Sharon fiel rücklings über das Balkongeländer, hinunter auf den dunklen Asphalt.

 

Der Verkehr vor dem Hochhaus ihrer Mutter staute sich bis zur übernächsten Querstraße. Weiter vorne im Dunkeln blitzten Blaulichter, und die Polizei leitete den Verkehr zu einer anderen Zufahrt auf den Queens Boulevard um. Dylan versuchte, an dem Kleinbus vor ihr vorbeizuspähen und einen Blick auf die Stelle zu erhaschen, wo anscheinend etwas ziemlich Schlimmes passiert war. Gelbes Absperrband riegelte das Straßenstück unter dem Hochhaus ihrer Mom ab.

Dylan trommelte auf dem Lenkrad herum und warf einen Seitenblick auf das mitgebrachte Essen, das allmählich kalt wurde. Sie war später dran, als sie gedacht hatte. Der Besuch in der Stiftung hatte sie fast eine Stunde gekostet, und bei all ihren Anrufen auf der Festnetznummer ihrer Mom war nur der Anrufbeantworter angegangen.

Wahrscheinlich ruhte sie sich gerade aus und fragte sich, was aus ihrer kleinen Feier zum Abendessen geworden war.

Wieder versuchte sie es auf der Festnetznummer, und wieder sprang nur der Anrufbeantworter an. „Scheiße.“

Ein paar Jugendliche kamen auf dem Gehweg vorbeigeschlendert, aus der Richtung des Unglücksorts. Dylan ließ das Fenster herunter.

„Hey, was ist da vorne los? Lassen sie uns bald wieder durch?“

Einer der Jungen schüttelte den Kopf. „So 'ne alte Dame hat 'nen Köpfer von ihrem Balkon gemacht. Die Cops sind da und räumen die Sauerei auf.“

Dylans Magen war plötzlich von Angst erfüllt, schwer wie ein Stein.

„Wisst ihr, von welchem Gebäude?“

„Nö. Eins von den Hochhäusern auf der 108. Straße.“

Oh, verdammt. Oh Herr im Himmel ...

Dylan sprang aus dem Wagen, ohne auch nur den Motor abzustellen. Sie hatte ihr Handy gezückt und wählte die Handynummer ihrer Mutter, während sie im Dauerlauf den Gehweg hinaufrannte, in Richtung des Tumultes bei der Kreuzung, ein paar Häuserblocks vor ihr. Als sie näher kam und sich in die Menge der Schaulustigen drängte, wurden ihre Füße von selbst langsamer.

Sie wusste es.

Sie ... wusste es einfach.

Ihre Mutter war tot.

Aber dann ging ihr Handy los wie die Alarmanlage einer Bank. Sie starrte auf das Display und sah die Handynummer ihrer Mutter auf dem erleuchteten Display.
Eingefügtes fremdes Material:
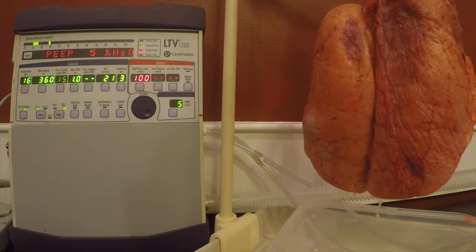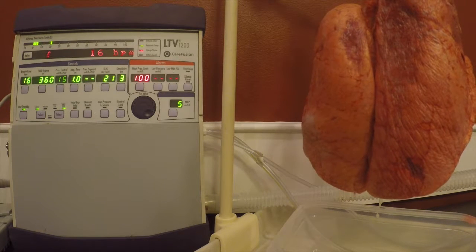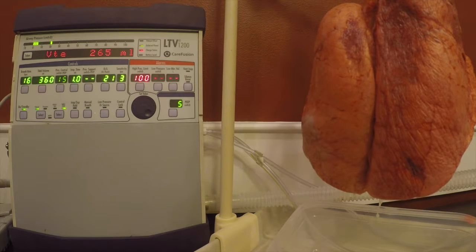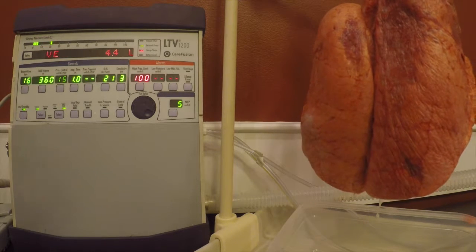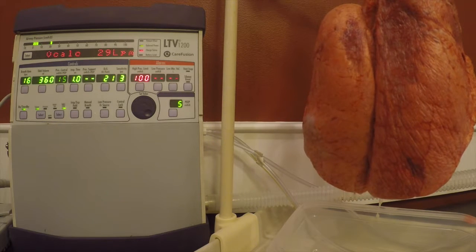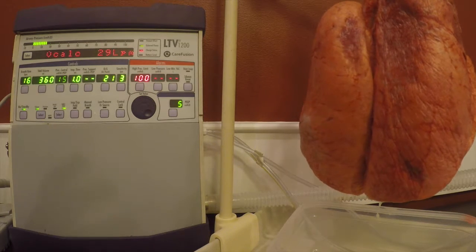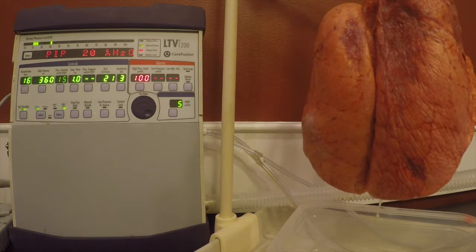The difference between the LTV1200 and the Revell ventilator is the setup. If you look at the Revell ventilator setup for non-invasive positive pressure ventilation in both BiPAP and CPAP, you remember that we have to start with that in the startup menu. The LTV1200 is actually much different — we can actually have the ventilator running and then go straight into that mode.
„Mom!“, schrie sie, als sie abnahm.

Am anderen Ende war Stille.

„Mom? Mom, bist du das?“

Eine schwere Hand fiel auf ihre Schulter herab. Sie warf den Kopf herum und starrte in die grausamen Augen eines Mannes, den sie eben erst auf einem Foto im Büro ihrer Mutter gesehen hatte.
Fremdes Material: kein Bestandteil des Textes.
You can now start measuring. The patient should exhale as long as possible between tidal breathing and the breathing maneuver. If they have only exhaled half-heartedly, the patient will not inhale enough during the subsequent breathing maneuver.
Gordon Fasso hielt das rosarote Handy ihrer Mutter in der Hand. Er lächelte, sodass die Spitzen seiner Fangzähne sichtbar wurden. Als er sprach, spürte Dylan seine tiefe Stimme in ihren Ohren und ihrer Handfläche vibrieren, als seine Worte durch das Handy ihrer Mutter in ihr eigenes drangen.